Final answer:
The AAS postulate states that if two angles and a non-included side of one triangle are congruent to the corresponding parts of another triangle, the triangles are congruent. The ASA postulate states that if two angles and the included side of one triangle are congruent to the corresponding parts of another triangle, the triangles are congruent. The CPCTC refers to the statement that corresponding parts of congruent triangles are congruent. The SAS postulate states that if two sides and the included angle of one triangle are congruent to the corresponding parts of another triangle, the triangles are congruent.
Step-by-step explanation:
The AAS postulate states that if two angles and a non-included side of one triangle are congruent to the corresponding parts of another triangle, then the triangles are congruent. For example, if angle A is congruent to angle D, angle B is congruent to angle E, and side AB is congruent to side DE, then triangle ABC is congruent to triangle DEF.
The ASA postulate states that if two angles and the included side of one triangle are congruent to the corresponding parts of another triangle, then the triangles are congruent. For example, if angle A is congruent to angle D, angle B is congruent to angle E, and side AB is congruent to side DE, then triangle ABC is congruent to triangle DEF.

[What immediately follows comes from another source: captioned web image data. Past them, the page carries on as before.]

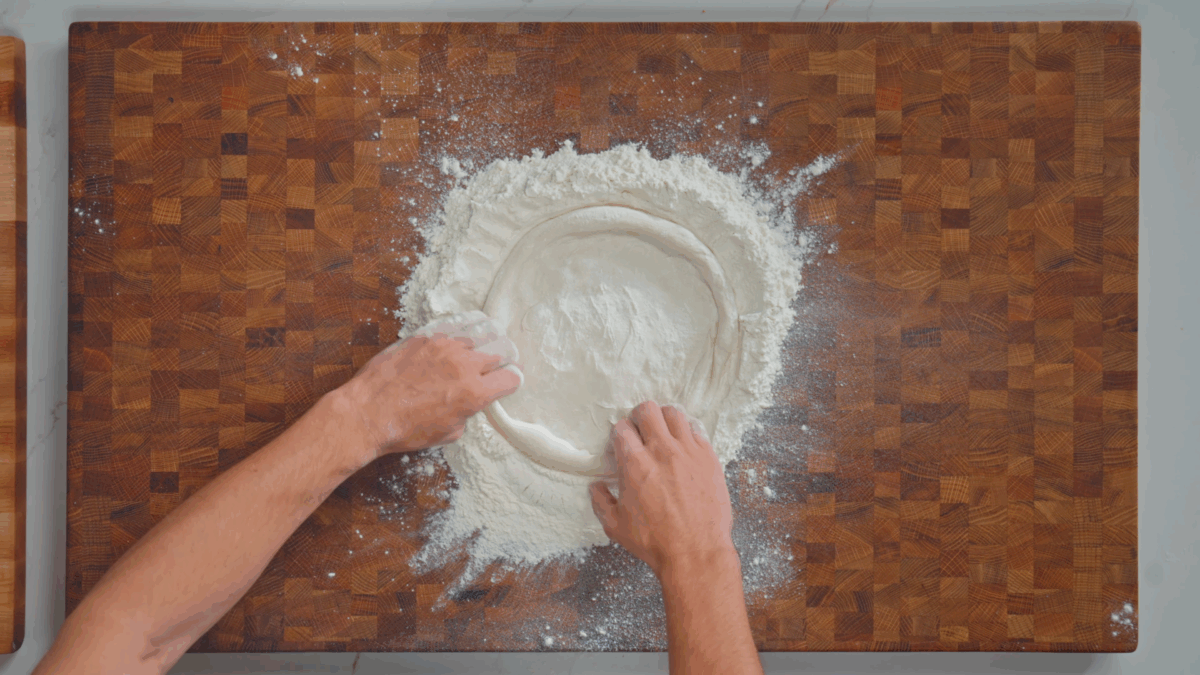 Nick DiGiovanni using two hands to stretch and shape pizza dough.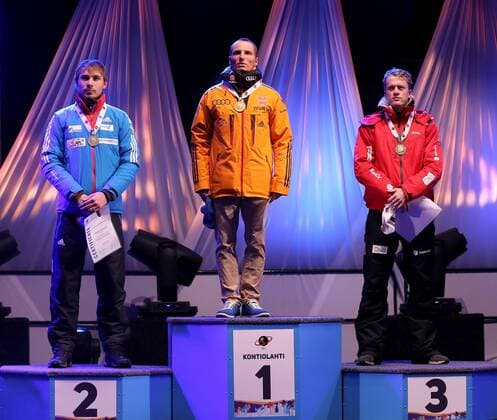 BIATHLON - IBU WC Kontiolahti 2015 KONTIOLAHTI,FINLAND,08.MAR.15 - BIATHLON - IBU World Championships, 12,5km pursuit, men, Medal Plaza, award ceremony. Image shows Anton Shipulin (RUS), Erik Lesser (GER) and Tarjei Boe (NOR).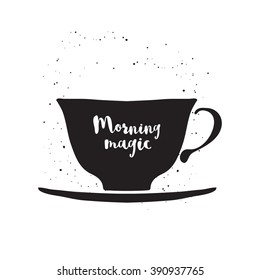 Monochrome Vector Teacup On White Background. Hand Drawn Cup With Lettering Morning Magic. Black And White Vector Illustration With Cup. Cup Vector Icon. Isolated Cup. Cup Of Coffee. 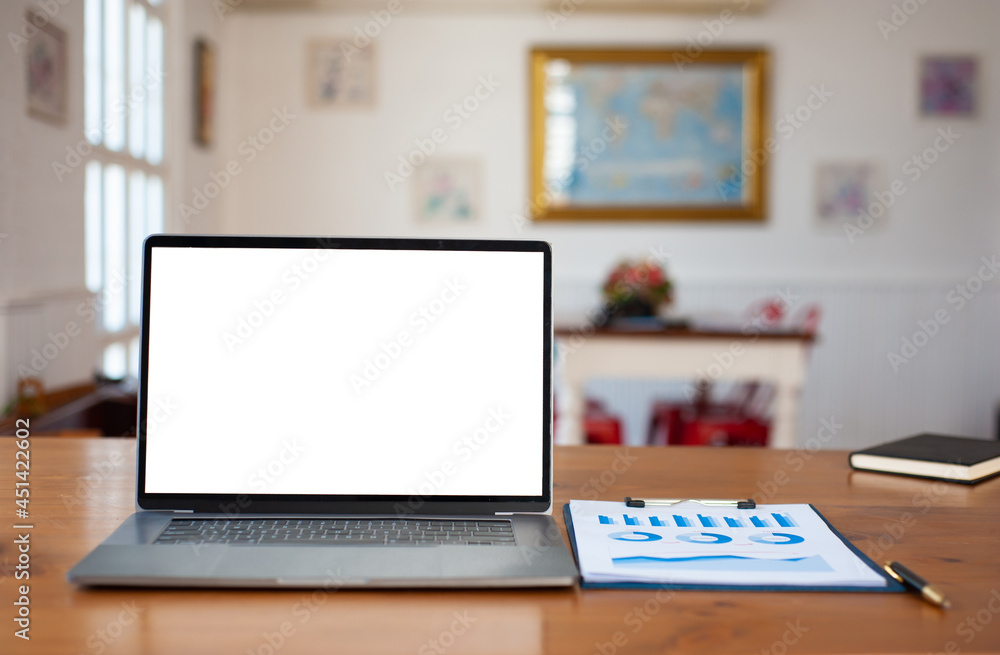 A laptop with an empty screen on an office desk.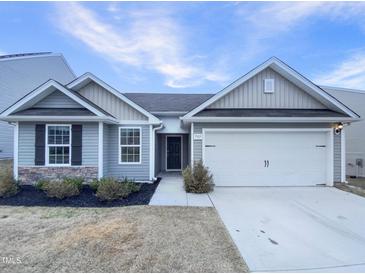 Charming single-story home with gray siding, attached garage, and manicured landscaping at 737 Little Patch St, Zebulon, NC 27597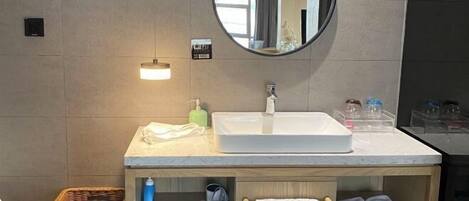 A bathroom with a white sink, a mirror, a towel rack, and a wicker basket.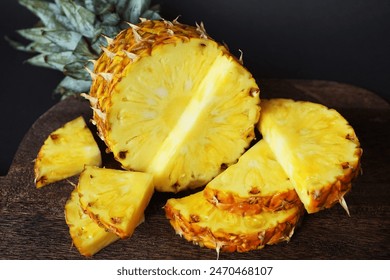 Ripe juicy pineapple next to cut pieces on a wooden board on a dark background - Powered by Shutterstock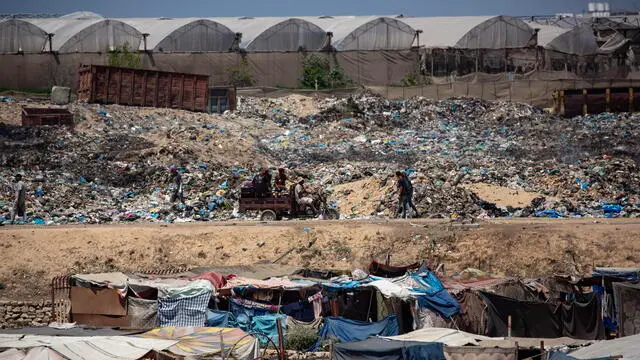epa11515454 Displaced Palestinians set up their tents next to sewage and a garbage dump on a street in Khan Younis camp in the southern Gaza Strip, 01 August 2024. Since 07 October 2023, up to 1.7 million people, or more than 75 percent of the population, have been displaced throughout the Gaza Strip, some more than once, in search of safety, according to the United Nations Relief and Works Agency for Palestine Refugees in the Near East (UNRWA), which added that the Palestinian enclave is 'on the brink of famine', with 1.1 million people (half of its population) 'experiencing catastrophic food insecurity' due to the conflict and restrictions on humanitarian access. EPA/HAITHAM IMAD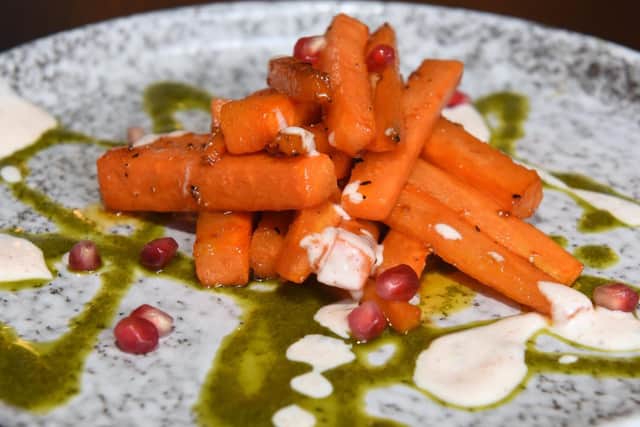 Roasted carrots with chilli, garlic and honey dressed in carrot top pesto and spiced yoghurt at the Bank House, Hathersage.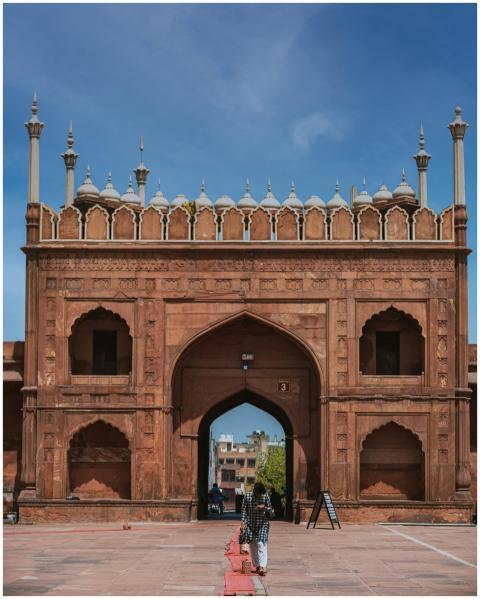 Vertical shot of a woman walking towards the iconi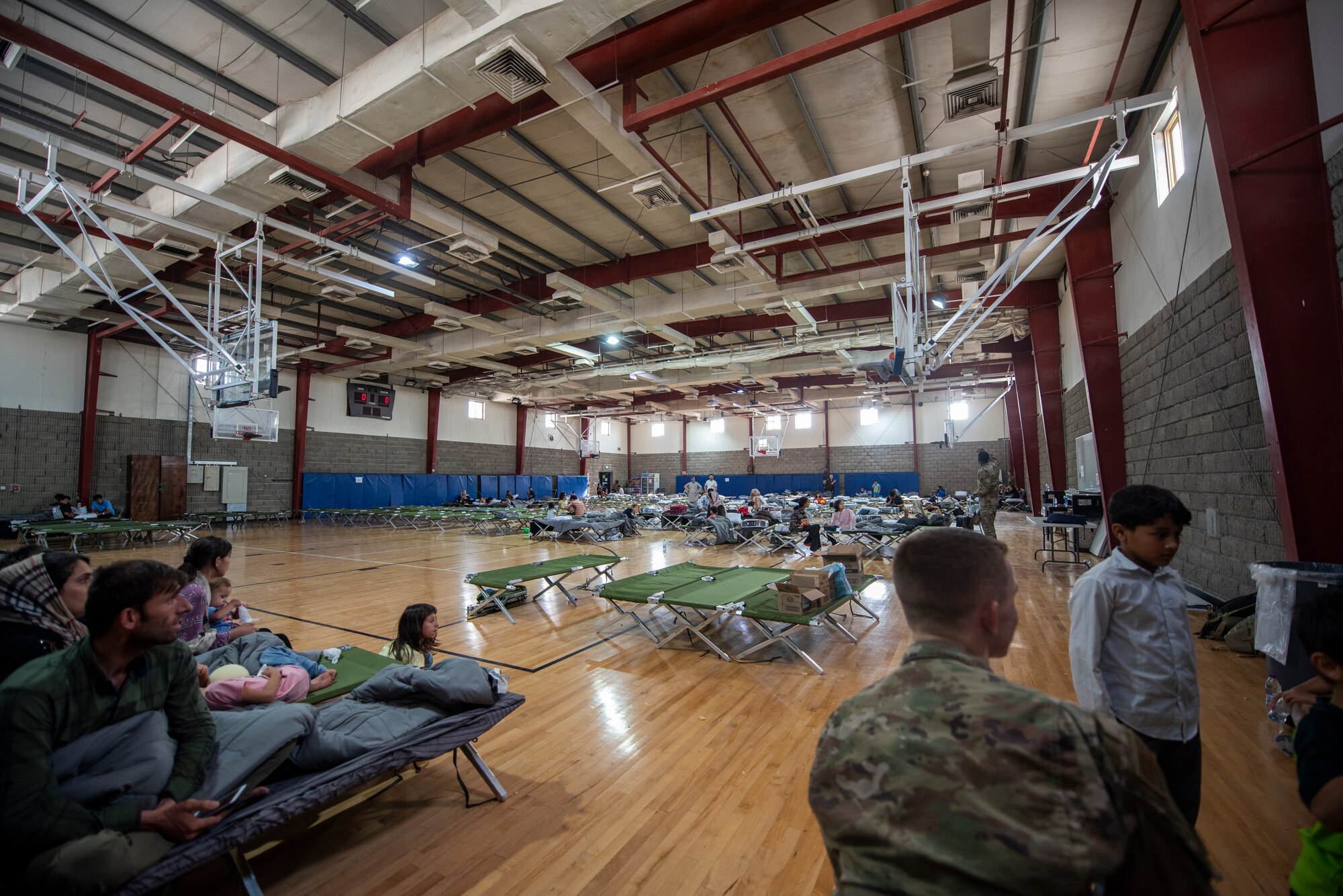 Qualified evacuees rest at a gym in the CENTCOM region, Aug. 20, 2021.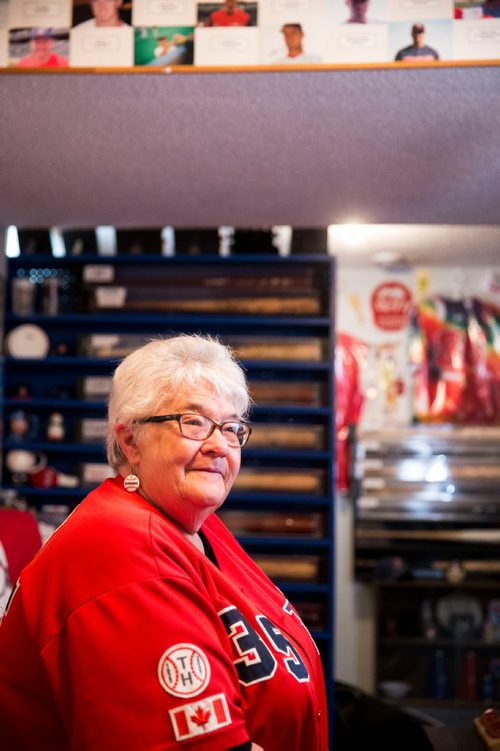 MIKAELA MACKENZIE / WINNIPEG FREE PRESS
Brenda Arnott in her basement, which is devoted to Goldeyes paraphernalia, in Winnipeg on Friday, June 22, 2018. 
Mikaela MacKenzie / Winnipeg Free Press 2018.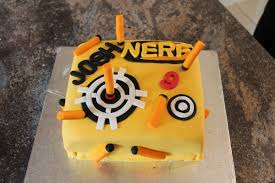 This is a diy nerf cake made with fondant and the cupcakes were homemade with nutella in the center. Nerf Cake Tejal S Kitchen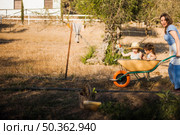 mother riding her daughters wheel barrow. Стоковое фото, агентство Ingram Publishing / Фотобанк Лори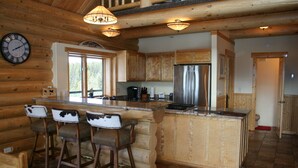 A log cabin kitchen with a central island, bar stools, wooden cabinets, a stainless steel refrigerator, and a clock on the wall. - Georgetown Lake Escape with Starlink (Anaconda)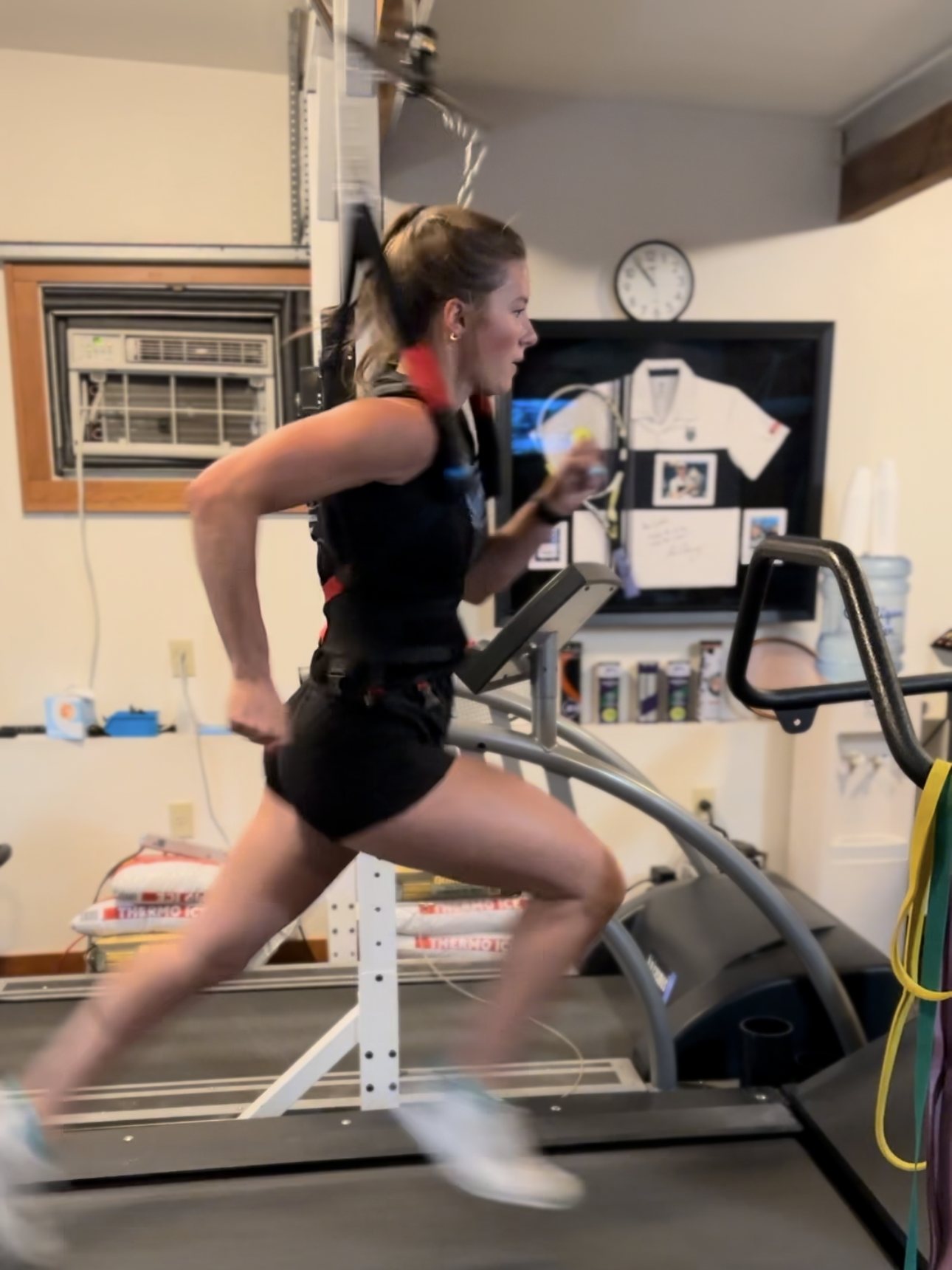 Athlete sprinting in a pneumatic harness on the high-speed treadmill at Electric Rehab and Fitness in Missoula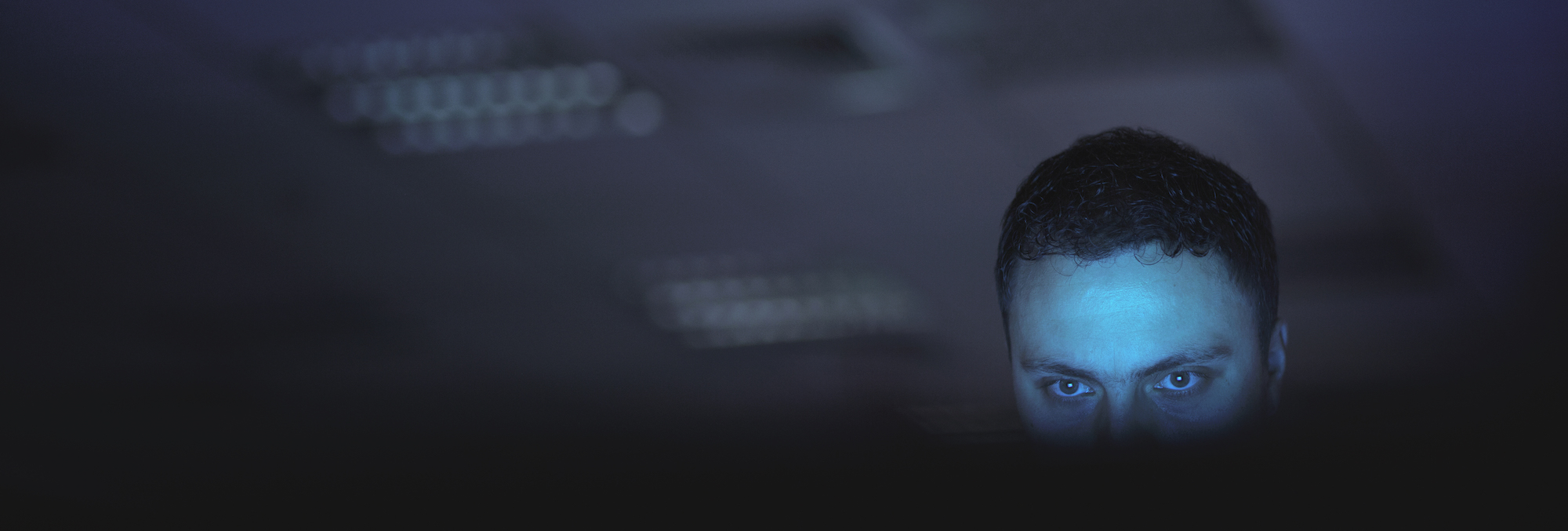 Computer hacker working on laptop late at night in office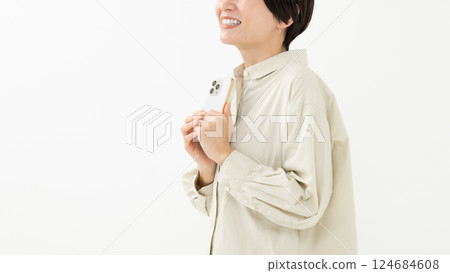 A woman operating a smartphone A woman operating a smartphone 124684608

The CPCTC or Corresponding Parts of Congruent Triangles are Congruent is a statement used to conclude that corresponding parts of congruent triangles are congruent. This is used as a reason in proving congruence of triangles. For example, if triangle ABC is congruent to triangle DEF, then we can conclude that angle A is congruent to angle D, side AB is congruent to side DE, and so on.
The SAS postulate states that if two sides and the included angle of one triangle are congruent to the corresponding parts of another triangle, then the triangles are congruent. For example, if side AB is congruent to side DE, side BC is congruent to side EF, and angle B is congruent to angle E, then triangle ABC is congruent to triangle DEF.